I’m not going to claim that having an autistic child is a wonderful, life-affirming experience, that every day is a new beginning, that it makes me feel more alive. On the whole, it is a wearying, grinding, frustrating experience. It means constantly re-evaluating possibilities, (usually) lowering expectations, and planning for the worst.
But it forces you to think hard about parenting. I think even the choices we make for our typical kids have been made more deliberately because of our experience with autism. What are the important things in raising a child? How important is it for them to be like others? What do we really need them to know by the time they reach 20? How can we make them more flexible, more empathic, stronger?
The autism has made life harder for our typical children. They have to put up with his difficulties just as we do. And that brings only more parenting choices. How much should the typicals bend to accommodate the atypical? How much must the atypical try to act normal? How much extra responsibility can we expect the other kids to bear because of the autism? Does it broaden them or burden them? These are all questions whose answers lie at the end of a long philosophical process of deciding what is important and what is not, what is serious and what is trivial, what is permanent and what is fleeting.

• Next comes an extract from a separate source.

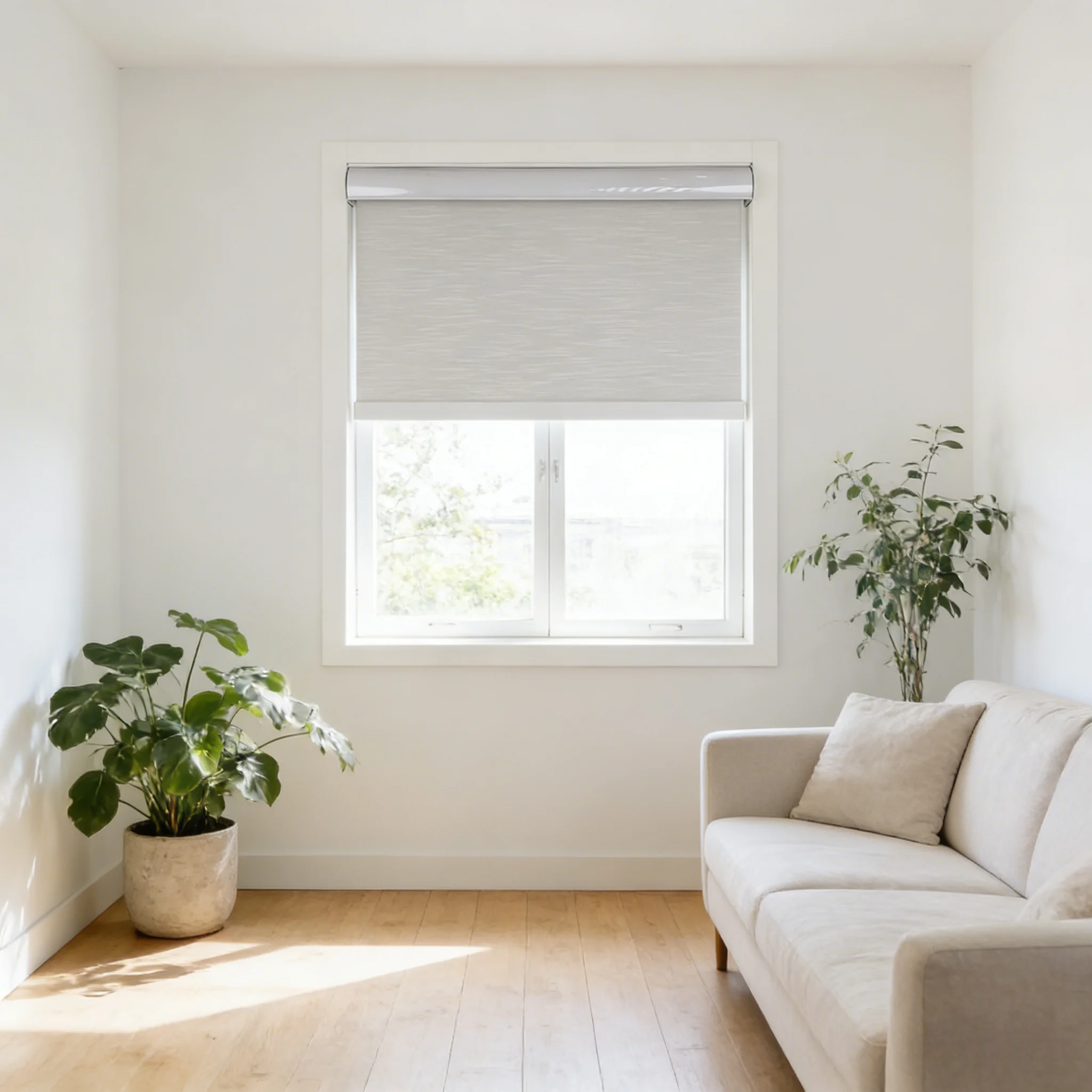 Modern Minimalist White Motorized Roller Shades for Indoor Windows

If Socrates had had an autistic child, I imagine he would have also said, “The fully-examined life is an exhausting pain in the ass”. I would love to not have to carefully orchestrate every aspect of Nat’s life. I would love for him to be able to walk outside and play with other kids on the street. I would love for him to be typical.
But he is not, and that will not change. So at least I can take pleasure in the care that we exercise in arranging his life, and ours around his.